[RAW DATA]:
•••••

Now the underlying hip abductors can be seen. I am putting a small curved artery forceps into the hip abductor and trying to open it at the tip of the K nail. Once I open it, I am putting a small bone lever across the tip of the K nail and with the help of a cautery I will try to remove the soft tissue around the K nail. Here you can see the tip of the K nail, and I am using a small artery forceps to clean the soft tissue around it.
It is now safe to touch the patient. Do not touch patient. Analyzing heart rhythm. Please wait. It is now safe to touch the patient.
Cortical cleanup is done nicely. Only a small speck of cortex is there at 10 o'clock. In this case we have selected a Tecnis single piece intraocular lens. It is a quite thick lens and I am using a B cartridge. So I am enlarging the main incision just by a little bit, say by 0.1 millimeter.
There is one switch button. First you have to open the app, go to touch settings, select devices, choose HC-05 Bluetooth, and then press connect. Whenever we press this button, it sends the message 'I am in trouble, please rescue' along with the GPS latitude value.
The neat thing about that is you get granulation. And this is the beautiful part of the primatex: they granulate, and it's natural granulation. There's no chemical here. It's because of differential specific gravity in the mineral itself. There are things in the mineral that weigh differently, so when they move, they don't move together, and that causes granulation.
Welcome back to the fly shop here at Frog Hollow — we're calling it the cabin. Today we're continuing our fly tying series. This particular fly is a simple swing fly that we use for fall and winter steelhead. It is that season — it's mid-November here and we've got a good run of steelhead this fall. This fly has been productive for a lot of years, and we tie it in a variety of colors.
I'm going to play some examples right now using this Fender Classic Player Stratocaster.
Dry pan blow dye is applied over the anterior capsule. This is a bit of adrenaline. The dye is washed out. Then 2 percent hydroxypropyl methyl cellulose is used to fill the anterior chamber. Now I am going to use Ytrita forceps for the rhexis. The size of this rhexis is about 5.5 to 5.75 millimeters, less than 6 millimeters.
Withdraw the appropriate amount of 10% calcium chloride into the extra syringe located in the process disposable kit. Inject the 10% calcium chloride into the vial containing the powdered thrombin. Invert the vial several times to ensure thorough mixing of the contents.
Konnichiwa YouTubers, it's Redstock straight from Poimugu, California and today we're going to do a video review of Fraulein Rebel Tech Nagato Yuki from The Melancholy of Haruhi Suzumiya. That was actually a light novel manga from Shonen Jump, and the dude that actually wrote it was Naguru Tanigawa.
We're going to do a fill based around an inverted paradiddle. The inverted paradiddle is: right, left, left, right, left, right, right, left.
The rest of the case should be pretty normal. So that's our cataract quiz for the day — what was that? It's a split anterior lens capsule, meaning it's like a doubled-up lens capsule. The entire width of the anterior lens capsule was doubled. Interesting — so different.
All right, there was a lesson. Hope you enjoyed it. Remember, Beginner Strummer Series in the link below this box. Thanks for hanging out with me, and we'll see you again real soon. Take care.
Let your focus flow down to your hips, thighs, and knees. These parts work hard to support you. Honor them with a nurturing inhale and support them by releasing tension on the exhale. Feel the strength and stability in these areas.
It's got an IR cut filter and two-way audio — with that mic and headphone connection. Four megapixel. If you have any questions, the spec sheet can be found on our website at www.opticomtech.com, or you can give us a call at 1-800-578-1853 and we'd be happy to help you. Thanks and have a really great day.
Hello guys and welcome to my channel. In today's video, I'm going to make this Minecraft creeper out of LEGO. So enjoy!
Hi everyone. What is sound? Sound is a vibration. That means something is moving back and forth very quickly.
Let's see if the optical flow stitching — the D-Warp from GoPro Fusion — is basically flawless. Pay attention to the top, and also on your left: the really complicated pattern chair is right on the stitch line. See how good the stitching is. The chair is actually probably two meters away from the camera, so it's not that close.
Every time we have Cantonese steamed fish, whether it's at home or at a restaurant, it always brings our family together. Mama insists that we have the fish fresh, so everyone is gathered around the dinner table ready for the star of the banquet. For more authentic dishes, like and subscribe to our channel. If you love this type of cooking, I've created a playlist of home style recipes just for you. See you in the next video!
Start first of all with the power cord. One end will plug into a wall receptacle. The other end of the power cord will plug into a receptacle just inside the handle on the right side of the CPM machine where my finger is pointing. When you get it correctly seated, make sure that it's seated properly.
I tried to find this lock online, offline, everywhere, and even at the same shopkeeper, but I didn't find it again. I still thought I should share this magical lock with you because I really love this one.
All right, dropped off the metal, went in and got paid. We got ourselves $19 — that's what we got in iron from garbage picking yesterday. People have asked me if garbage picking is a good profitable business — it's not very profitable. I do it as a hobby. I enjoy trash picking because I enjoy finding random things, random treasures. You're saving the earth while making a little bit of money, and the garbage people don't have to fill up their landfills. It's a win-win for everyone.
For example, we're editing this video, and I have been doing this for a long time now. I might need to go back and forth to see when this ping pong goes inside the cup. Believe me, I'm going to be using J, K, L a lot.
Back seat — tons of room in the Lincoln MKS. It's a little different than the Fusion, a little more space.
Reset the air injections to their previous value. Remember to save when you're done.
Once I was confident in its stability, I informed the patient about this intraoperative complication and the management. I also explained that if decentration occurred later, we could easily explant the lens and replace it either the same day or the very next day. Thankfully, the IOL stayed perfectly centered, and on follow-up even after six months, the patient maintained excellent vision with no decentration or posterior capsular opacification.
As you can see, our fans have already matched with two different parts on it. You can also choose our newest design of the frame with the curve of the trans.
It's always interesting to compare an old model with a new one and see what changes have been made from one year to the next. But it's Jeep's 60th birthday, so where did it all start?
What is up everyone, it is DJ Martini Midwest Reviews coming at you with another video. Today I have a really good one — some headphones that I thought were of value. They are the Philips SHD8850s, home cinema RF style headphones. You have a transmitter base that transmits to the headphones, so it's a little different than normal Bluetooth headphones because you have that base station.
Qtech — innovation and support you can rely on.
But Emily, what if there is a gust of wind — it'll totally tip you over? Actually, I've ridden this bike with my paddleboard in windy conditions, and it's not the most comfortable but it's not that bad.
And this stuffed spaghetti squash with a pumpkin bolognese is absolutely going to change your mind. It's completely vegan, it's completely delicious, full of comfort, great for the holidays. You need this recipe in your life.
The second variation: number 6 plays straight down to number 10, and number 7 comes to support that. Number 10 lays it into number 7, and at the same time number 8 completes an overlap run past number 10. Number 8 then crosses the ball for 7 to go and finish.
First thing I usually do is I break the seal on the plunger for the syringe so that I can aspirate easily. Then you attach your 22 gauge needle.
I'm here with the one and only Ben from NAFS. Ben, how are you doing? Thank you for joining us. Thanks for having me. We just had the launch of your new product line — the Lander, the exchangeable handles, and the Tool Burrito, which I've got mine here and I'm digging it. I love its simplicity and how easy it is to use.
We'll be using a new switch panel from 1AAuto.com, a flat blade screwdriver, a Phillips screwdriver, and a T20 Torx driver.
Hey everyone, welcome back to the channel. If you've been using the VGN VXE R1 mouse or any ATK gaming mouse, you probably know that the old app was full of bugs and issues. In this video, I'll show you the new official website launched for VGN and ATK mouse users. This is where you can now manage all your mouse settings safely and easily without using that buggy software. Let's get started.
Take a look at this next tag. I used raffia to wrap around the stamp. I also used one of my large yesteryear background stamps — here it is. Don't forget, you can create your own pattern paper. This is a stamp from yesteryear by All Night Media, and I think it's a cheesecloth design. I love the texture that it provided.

•••••

[WHAT THE TASK REQUIRES]:
Copy out each line of the data above, exactly, if it lies between the line holding "What is up everyone, it" and the line holding "Qtech — innovation", inclusive; copy no other line.

[RESPONSE FOR THIS EXERCISE]:
What is up everyone, it is DJ Martini Midwest Reviews coming at you with another video. Today I have a really good one — some headphones that I thought were of value. They are the Philips SHD8850s, home cinema RF style headphones. You have a transmitter base that transmits to the headphones, so it's a little different than normal Bluetooth headphones because you have that base station.
Qtech — innovation and support you can rely on.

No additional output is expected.